MATERIAL FOR THIS EXERCISE START
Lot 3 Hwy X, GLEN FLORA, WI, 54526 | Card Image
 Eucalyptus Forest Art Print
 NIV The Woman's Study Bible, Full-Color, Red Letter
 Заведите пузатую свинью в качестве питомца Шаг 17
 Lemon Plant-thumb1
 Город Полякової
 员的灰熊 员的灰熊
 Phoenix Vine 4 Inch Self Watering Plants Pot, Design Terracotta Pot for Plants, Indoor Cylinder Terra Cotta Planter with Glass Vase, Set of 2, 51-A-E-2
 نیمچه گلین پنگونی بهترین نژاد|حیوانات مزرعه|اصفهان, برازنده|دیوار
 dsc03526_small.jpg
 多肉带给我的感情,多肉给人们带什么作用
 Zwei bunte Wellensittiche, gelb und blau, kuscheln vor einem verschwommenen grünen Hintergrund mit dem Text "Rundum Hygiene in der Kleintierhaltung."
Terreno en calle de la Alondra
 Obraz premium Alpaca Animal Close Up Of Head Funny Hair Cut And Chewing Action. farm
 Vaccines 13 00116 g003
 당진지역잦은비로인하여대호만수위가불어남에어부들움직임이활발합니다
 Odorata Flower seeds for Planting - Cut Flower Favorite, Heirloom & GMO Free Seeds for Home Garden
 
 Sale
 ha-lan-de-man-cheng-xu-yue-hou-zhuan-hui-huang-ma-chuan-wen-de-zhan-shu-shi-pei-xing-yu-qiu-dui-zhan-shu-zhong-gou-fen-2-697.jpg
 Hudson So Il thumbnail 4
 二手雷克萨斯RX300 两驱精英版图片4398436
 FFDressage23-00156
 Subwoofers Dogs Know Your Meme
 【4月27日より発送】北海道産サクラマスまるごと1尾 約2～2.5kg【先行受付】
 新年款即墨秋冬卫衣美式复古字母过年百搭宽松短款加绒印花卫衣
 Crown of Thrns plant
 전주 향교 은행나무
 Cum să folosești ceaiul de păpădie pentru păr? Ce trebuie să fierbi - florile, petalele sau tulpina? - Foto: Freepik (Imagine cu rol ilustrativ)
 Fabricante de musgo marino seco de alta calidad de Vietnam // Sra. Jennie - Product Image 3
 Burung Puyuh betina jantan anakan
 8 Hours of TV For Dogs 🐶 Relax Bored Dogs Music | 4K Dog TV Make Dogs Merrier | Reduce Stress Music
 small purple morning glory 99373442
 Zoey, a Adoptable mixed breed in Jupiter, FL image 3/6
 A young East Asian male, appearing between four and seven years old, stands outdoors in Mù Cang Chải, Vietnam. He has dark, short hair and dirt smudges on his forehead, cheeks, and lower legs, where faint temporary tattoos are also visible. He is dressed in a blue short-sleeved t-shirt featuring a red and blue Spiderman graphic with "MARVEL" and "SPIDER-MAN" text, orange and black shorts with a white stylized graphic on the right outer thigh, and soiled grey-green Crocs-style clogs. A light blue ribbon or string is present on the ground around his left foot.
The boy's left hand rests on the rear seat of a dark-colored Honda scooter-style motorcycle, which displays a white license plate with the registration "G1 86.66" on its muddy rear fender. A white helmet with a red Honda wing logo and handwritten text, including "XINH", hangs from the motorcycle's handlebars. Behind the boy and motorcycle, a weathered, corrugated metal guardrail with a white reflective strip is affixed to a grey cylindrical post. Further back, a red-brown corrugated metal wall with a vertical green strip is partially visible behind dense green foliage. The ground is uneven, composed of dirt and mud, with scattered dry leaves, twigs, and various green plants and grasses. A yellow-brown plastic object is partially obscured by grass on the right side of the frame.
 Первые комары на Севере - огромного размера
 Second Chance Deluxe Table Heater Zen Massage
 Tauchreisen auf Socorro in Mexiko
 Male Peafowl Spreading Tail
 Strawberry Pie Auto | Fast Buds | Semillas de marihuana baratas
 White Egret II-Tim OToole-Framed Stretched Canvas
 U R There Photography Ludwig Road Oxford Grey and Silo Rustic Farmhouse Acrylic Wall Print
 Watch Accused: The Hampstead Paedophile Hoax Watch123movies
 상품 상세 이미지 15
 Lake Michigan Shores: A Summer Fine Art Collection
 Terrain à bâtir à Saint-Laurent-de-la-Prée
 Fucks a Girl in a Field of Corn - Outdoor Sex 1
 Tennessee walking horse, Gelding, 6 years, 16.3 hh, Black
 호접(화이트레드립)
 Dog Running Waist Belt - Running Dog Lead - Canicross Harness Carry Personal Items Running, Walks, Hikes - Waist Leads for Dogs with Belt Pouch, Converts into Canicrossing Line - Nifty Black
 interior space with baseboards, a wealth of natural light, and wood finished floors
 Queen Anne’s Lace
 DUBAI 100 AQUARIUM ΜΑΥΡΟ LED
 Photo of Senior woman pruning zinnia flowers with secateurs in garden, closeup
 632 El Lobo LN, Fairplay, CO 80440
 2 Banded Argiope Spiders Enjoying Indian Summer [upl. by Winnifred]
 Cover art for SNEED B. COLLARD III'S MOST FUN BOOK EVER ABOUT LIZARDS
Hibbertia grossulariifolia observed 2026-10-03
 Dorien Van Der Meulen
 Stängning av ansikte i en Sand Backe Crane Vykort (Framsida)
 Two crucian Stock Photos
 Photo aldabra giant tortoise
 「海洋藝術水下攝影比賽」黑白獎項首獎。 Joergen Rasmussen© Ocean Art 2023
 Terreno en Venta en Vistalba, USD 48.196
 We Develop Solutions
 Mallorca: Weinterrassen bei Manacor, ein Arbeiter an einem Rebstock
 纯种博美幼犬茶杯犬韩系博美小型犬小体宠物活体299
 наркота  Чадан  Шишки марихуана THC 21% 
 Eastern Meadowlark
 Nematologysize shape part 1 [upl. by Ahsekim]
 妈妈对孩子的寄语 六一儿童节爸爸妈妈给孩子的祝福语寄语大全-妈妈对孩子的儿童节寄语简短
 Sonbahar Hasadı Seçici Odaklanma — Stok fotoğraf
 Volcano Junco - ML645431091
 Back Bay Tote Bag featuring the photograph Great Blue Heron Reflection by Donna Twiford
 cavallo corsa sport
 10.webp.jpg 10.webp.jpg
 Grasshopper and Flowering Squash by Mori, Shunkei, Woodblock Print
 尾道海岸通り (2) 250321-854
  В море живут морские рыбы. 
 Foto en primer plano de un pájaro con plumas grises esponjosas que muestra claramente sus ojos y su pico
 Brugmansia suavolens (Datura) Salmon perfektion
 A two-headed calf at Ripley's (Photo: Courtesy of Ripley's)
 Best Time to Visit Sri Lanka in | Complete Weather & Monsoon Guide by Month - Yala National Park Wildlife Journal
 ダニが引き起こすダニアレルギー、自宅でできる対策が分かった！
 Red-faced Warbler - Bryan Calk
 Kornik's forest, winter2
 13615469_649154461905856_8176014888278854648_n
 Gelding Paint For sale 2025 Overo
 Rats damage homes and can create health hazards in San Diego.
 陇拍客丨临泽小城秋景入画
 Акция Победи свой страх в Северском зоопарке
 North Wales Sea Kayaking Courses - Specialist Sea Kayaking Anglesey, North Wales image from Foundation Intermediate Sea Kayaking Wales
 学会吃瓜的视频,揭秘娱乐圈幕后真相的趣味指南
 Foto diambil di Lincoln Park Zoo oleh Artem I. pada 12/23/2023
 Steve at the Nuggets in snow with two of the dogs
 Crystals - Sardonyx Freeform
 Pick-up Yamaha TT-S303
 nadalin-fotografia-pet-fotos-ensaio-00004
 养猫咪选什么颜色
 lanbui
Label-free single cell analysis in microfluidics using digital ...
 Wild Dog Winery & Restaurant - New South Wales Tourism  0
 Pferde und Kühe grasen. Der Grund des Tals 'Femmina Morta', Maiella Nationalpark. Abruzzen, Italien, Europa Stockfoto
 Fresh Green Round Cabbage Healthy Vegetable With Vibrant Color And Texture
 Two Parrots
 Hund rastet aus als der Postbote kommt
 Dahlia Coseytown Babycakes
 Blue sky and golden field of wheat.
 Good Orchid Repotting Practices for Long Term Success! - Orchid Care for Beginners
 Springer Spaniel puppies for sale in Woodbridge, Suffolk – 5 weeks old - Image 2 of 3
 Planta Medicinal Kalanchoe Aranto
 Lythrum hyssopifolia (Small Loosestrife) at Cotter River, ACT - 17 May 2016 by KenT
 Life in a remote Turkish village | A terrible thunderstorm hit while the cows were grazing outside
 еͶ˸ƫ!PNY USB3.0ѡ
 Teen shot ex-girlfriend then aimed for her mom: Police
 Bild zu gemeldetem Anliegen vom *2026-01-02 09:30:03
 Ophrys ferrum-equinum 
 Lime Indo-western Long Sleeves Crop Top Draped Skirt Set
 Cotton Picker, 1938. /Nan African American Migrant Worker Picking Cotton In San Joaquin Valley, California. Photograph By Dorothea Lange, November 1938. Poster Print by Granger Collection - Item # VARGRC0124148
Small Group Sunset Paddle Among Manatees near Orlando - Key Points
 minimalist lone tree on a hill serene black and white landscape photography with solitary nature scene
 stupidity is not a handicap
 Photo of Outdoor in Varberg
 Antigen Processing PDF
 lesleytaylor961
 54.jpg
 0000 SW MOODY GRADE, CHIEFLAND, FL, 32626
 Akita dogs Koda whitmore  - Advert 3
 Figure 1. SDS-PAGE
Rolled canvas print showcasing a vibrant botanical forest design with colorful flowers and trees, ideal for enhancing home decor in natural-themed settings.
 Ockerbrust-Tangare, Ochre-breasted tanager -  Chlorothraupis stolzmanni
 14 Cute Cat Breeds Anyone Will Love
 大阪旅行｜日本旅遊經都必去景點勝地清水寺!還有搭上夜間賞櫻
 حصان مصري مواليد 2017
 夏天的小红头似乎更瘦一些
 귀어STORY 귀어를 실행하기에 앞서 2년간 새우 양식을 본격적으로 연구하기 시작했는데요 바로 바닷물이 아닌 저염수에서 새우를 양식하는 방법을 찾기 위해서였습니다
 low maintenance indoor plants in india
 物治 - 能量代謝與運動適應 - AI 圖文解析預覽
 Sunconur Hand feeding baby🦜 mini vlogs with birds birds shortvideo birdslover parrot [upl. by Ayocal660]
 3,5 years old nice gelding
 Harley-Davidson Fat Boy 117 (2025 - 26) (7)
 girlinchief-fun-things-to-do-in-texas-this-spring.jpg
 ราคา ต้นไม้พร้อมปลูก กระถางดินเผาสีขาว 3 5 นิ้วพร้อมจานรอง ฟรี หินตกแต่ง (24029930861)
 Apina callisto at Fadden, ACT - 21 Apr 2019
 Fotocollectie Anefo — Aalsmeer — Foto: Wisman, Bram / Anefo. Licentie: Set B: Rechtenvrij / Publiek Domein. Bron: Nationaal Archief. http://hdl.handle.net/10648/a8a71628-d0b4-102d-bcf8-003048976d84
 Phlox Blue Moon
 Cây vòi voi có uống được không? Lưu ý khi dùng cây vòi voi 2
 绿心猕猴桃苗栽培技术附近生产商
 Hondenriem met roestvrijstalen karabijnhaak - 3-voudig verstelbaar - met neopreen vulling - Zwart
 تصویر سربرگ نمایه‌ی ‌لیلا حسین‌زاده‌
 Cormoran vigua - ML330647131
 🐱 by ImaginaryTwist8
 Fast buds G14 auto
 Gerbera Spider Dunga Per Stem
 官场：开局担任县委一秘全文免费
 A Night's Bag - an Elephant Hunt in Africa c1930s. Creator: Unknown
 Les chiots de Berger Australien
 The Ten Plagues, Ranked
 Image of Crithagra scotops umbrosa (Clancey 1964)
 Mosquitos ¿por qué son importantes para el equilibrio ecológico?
MATERIAL FOR THIS EXERCISE END
§ TASK TO CARRY OUT: Could you copy each line in the listing above that includes the word "dark"?

§ ANSWER TO THE EXERCISE:
 A young East Asian male, appearing between four and seven years old, stands outdoors in Mù Cang Chải, Vietnam. He has dark, short hair and dirt smudges on his forehead, cheeks, and lower legs, where faint temporary tattoos are also visible. He is dressed in a blue short-sleeved t-shirt featuring a red and blue Spiderman graphic with "MARVEL" and "SPIDER-MAN" text, orange and black shorts with a white stylized graphic on the right outer thigh, and soiled grey-green Crocs-style clogs. A light blue ribbon or string is present on the ground around his left foot.
The boy's left hand rests on the rear seat of a dark-colored Honda scooter-style motorcycle, which displays a white license plate with the registration "G1 86.66" on its muddy rear fender. A white helmet with a red Honda wing logo and handwritten text, including "XINH", hangs from the motorcycle's handlebars. Behind the boy and motorcycle, a weathered, corrugated metal guardrail with a white reflective strip is affixed to a grey cylindrical post. Further back, a red-brown corrugated metal wall with a vertical green strip is partially visible behind dense green foliage. The ground is uneven, composed of dirt and mud, with scattered dry leaves, twigs, and various green plants and grasses. A yellow-brown plastic object is partially obscured by grass on the right side of the frame.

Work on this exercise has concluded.